[Short descriptive text snippets]
■ ■ ■ ■
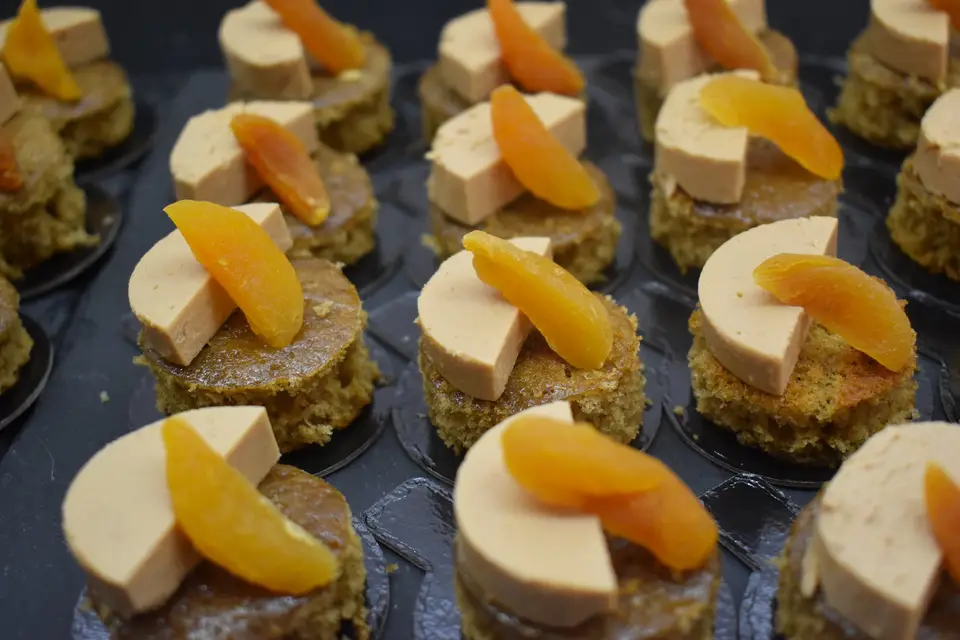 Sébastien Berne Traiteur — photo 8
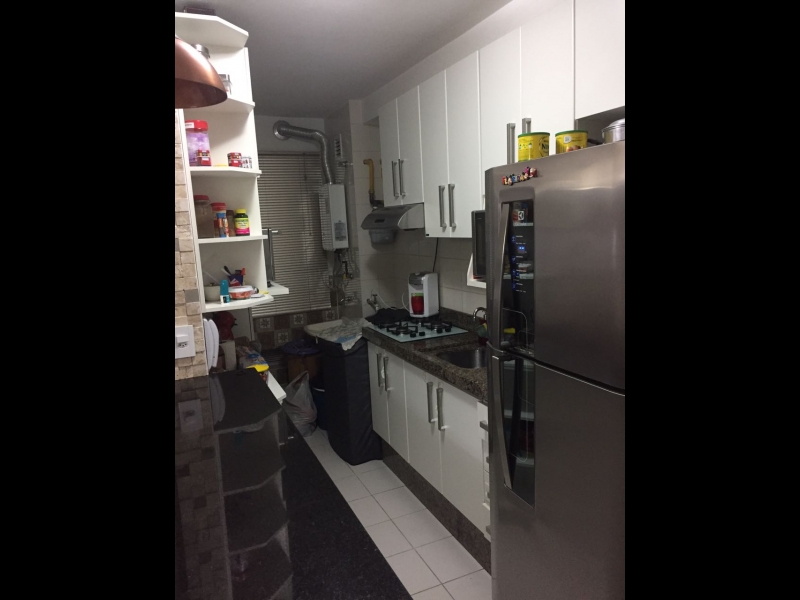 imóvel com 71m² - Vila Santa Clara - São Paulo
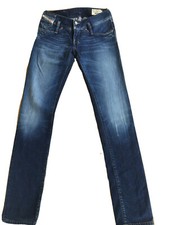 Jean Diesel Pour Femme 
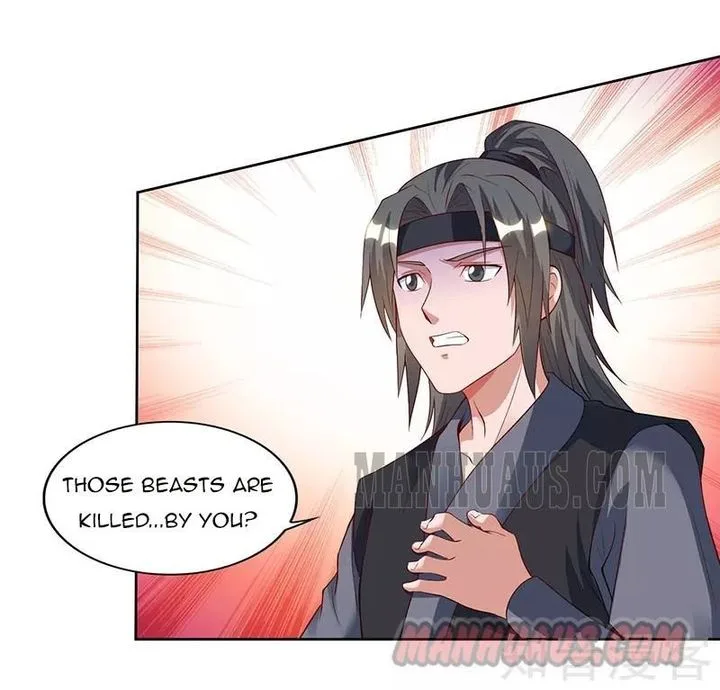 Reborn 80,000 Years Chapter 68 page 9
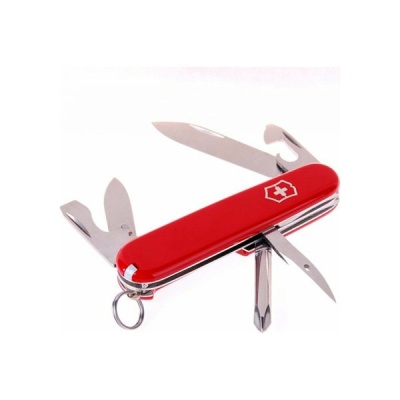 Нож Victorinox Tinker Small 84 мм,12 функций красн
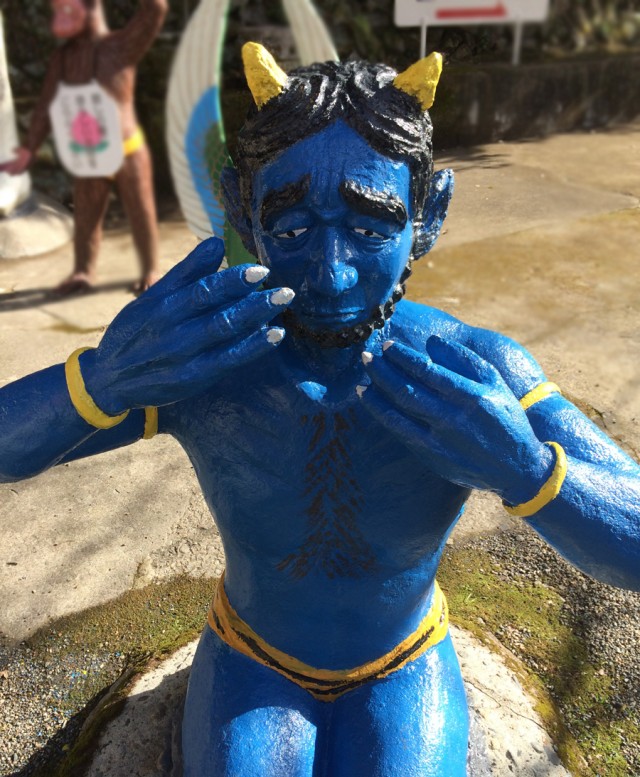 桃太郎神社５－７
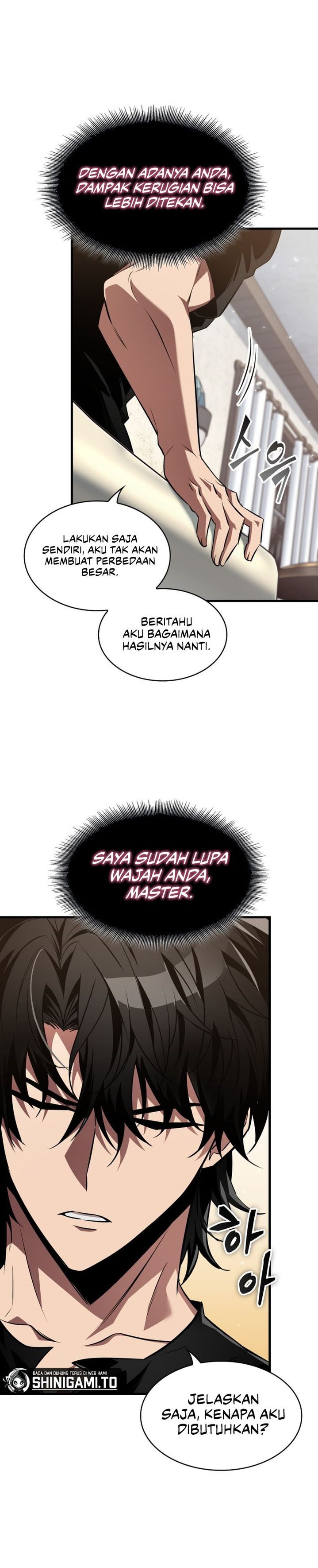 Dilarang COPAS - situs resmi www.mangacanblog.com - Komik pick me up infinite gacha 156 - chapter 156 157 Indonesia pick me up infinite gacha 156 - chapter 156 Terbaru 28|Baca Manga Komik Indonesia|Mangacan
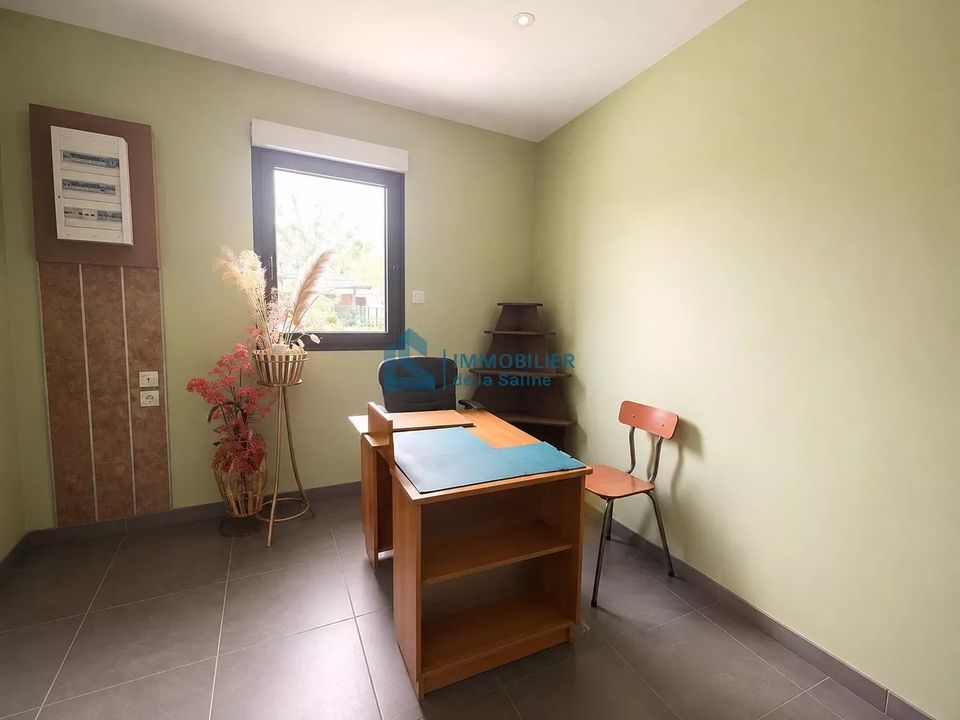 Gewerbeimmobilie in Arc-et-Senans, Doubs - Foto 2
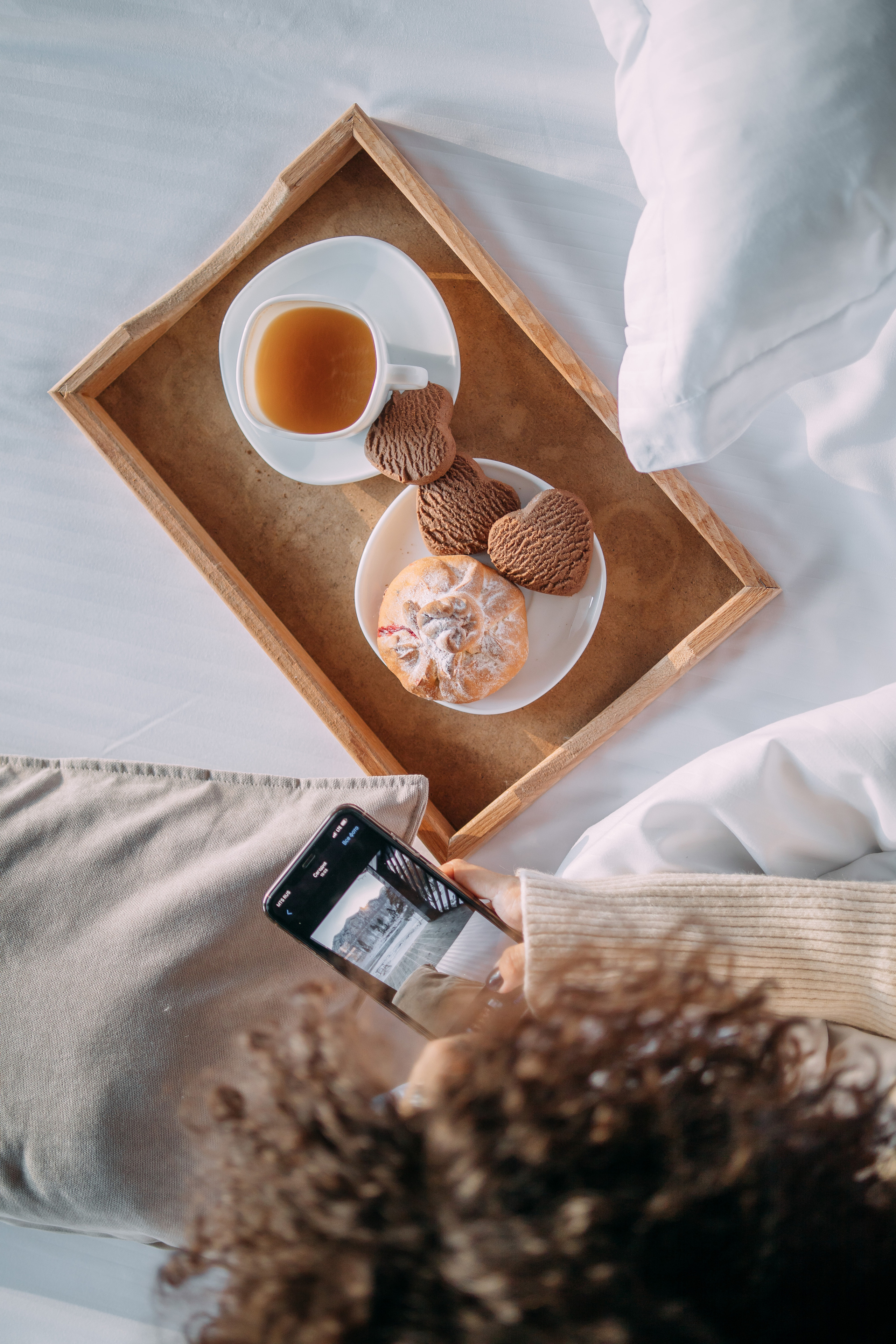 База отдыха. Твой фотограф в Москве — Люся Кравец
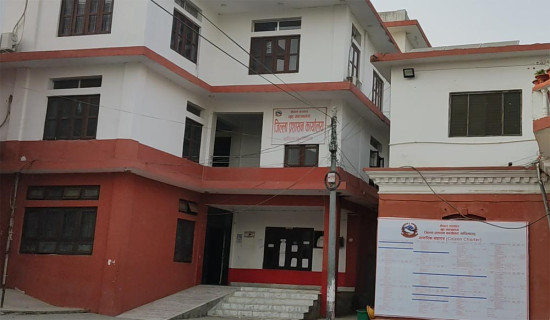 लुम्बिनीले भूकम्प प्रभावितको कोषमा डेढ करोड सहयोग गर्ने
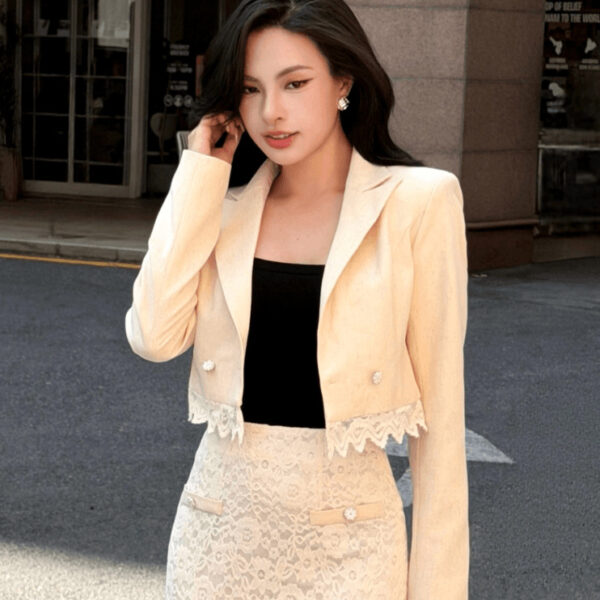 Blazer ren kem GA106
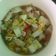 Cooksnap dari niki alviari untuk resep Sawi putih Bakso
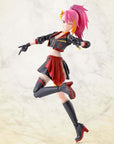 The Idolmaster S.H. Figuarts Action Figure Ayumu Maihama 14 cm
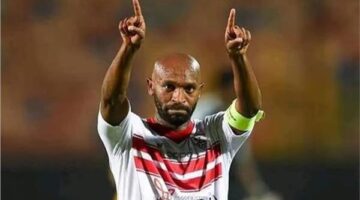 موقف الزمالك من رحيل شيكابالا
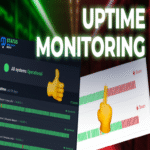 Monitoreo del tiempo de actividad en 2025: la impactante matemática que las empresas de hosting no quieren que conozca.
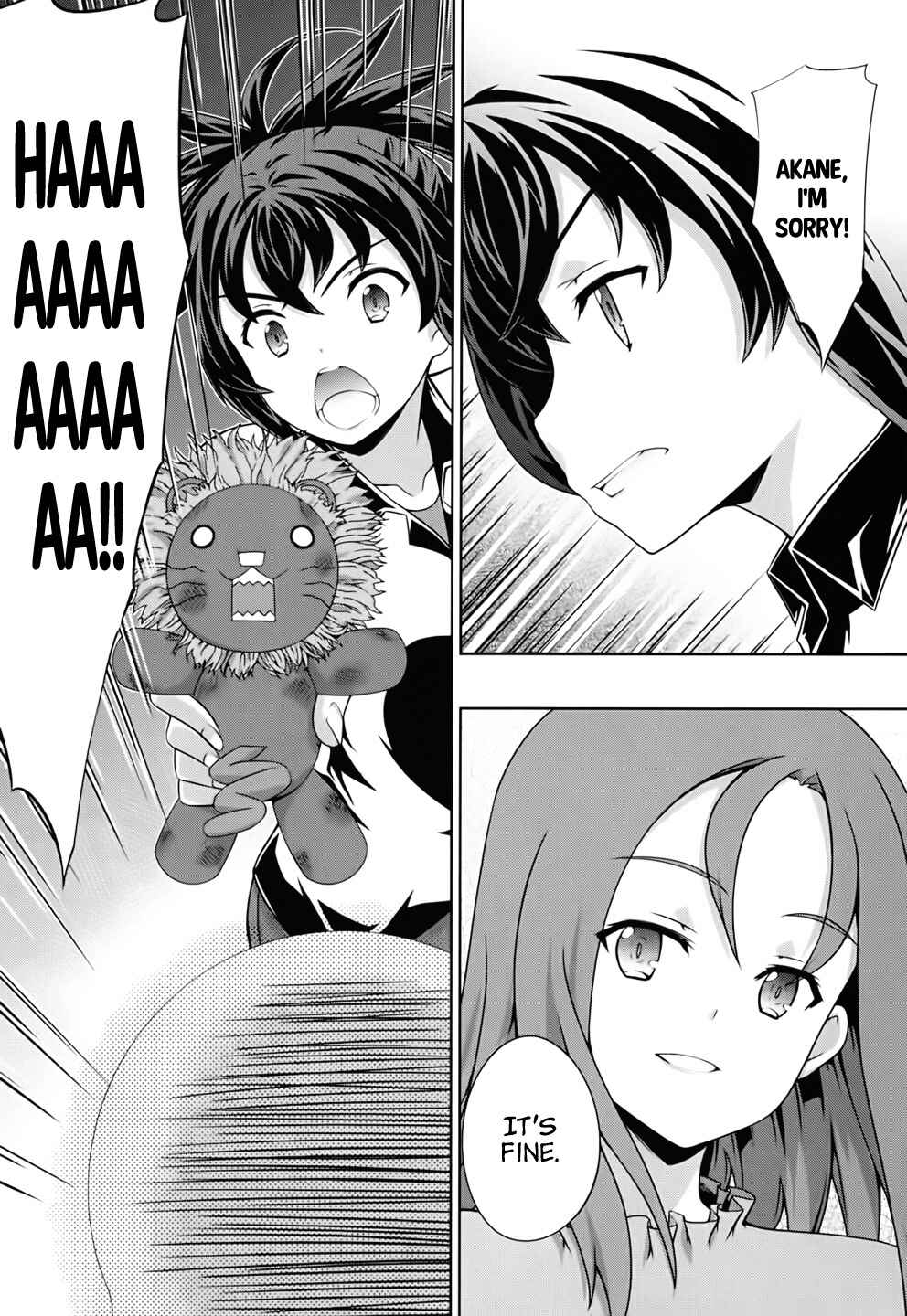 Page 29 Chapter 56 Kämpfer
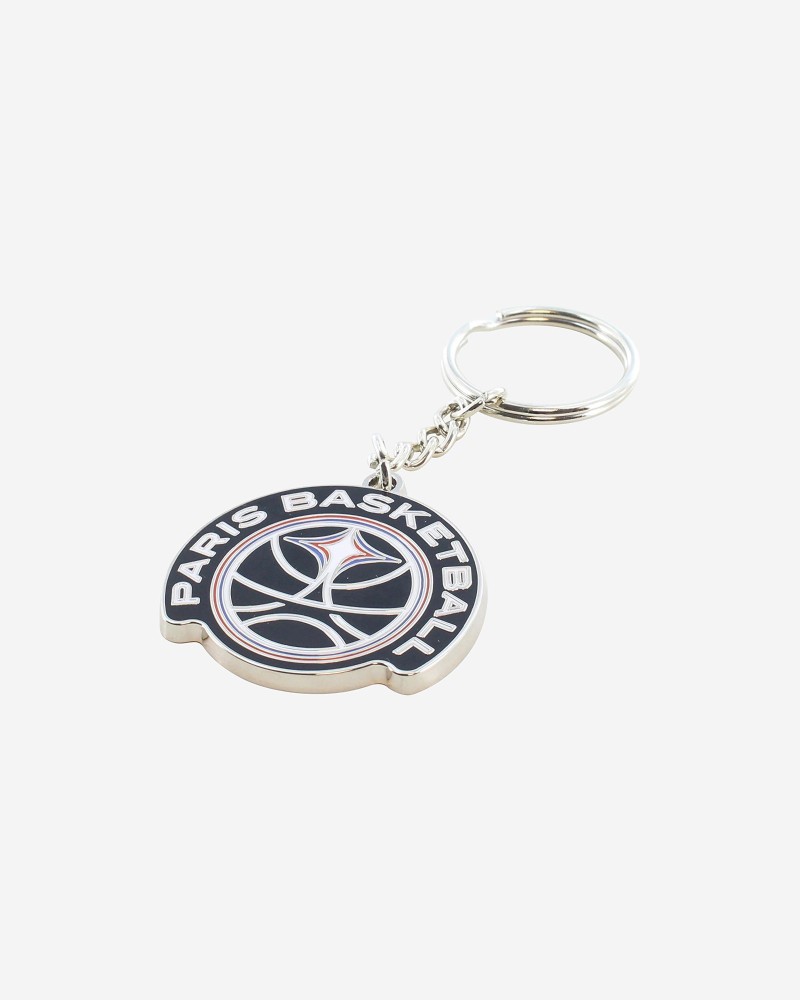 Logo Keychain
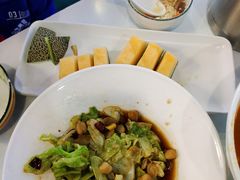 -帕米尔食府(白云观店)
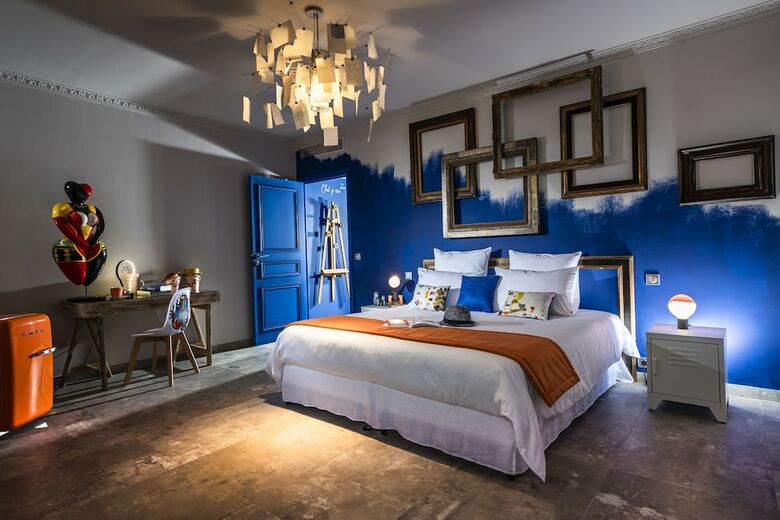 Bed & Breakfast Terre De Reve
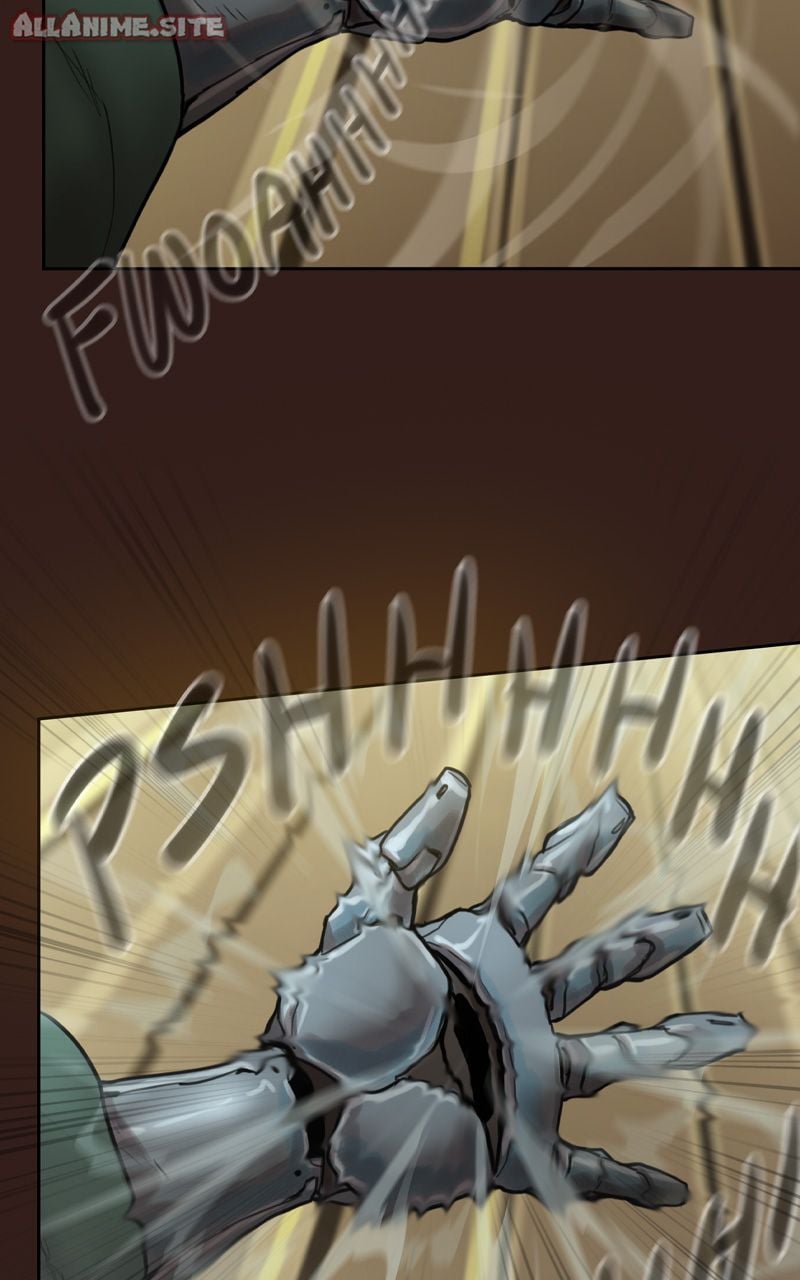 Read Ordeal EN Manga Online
■ ■ ■ ■
### ABOUT THIS TASK
Take the entries above and copy exactly the lines starting at the one with "imóvel com 71m²" and ending at the one with "База отдыха. Твой"; nothing outside that span, and no pictures.

### YOUR SOLUTION
 imóvel com 71m² - Vila Santa Clara - São Paulo
 Jean Diesel Pour Femme 
 Reborn 80,000 Years Chapter 68 page 9
 Нож Victorinox Tinker Small 84 мм,12 функций красн
 桃太郎神社５－７
 Dilarang COPAS - situs resmi www.mangacanblog.com - Komik pick me up infinite gacha 156 - chapter 156 157 Indonesia pick me up infinite gacha 156 - chapter 156 Terbaru 28|Baca Manga Komik Indonesia|Mangacan
 Gewerbeimmobilie in Arc-et-Senans, Doubs - Foto 2
 База отдыха. Твой фотограф в Москве — Люся Кравец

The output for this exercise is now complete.